I'm still trying to figure out why somebody is asking a question about shooting a wedding in the "Photography Beginners Forum"...
Wedding photography is NOT something that beginners should be contemplating at ALL... unless you want to shoot some candids at a wedding where a professional is being paid to shoot the ceremony.
To the original poster... I am not trying to be a dick here, but frankly you just don't have the equipment to do what you need to do, so you either need to find a way to get that equipment (and stone cold KNOW how to use it) plus a full and professional set of backup equipment in case your main stuff fails, or you should not do weddings.

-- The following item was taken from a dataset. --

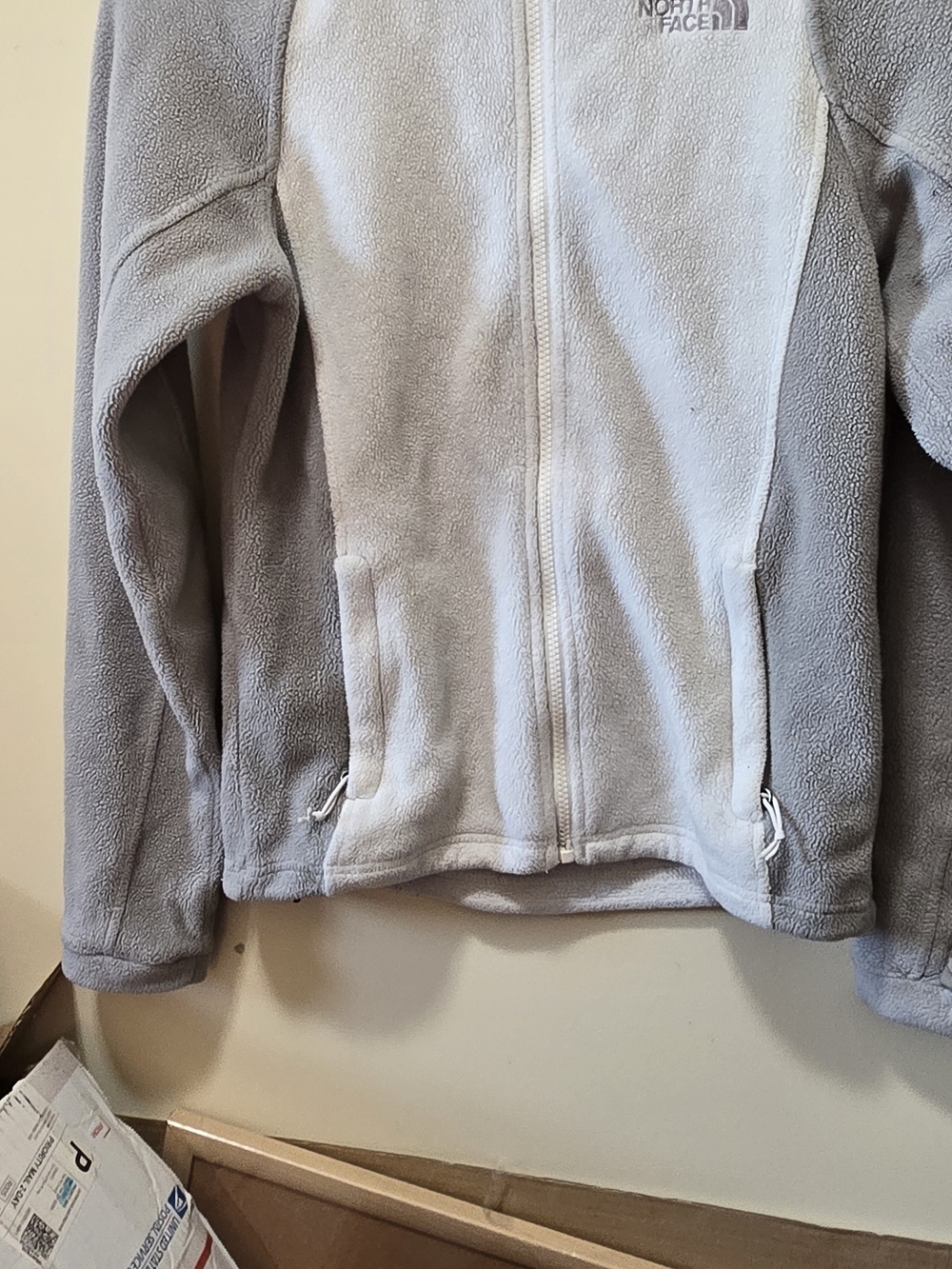The North Face Light Gray Two-Tone Fleece Jacket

Your equipment list does not include one single piece of professional grade equipment (with the arguable exception of the Tokina 80-200 f/2.8) and I see no mention of your backup equipment. To shoot weddings in a reasonable, professional manner, you need backups of EVERYTHING, cameras, lenses (or at least a big enough stable of fast lenses so that you can work around a failure), flashes, memory cards, batteries, EVERYTHING.
I don't shoot them any more, but when was in the wedding photography BUSINESS I had a duplicate of EVERYTHING... and three of the stuff most likely to break. My wife was my assistant and we would event take two cars in case one of us had car trouble, we could just park the offending vehicle and continue on the the ceremony.
Wedding photography, at least to do it right, takes a commitment to have the equipment in quality and quantity to do the job right... and years of experience with all the types of lighting situations that you will encounter... not a bare minimum "get you by" equipment list and not nearly enough experience to nail it every time.
BOTTOM LINE: you have to nail it every single times with weddings. Every time.
I gotta be kind of frank here... if you have to ask how to handle a lighting situation like you describe, you shouldn't be shooting it for a one-time-only event in the first place.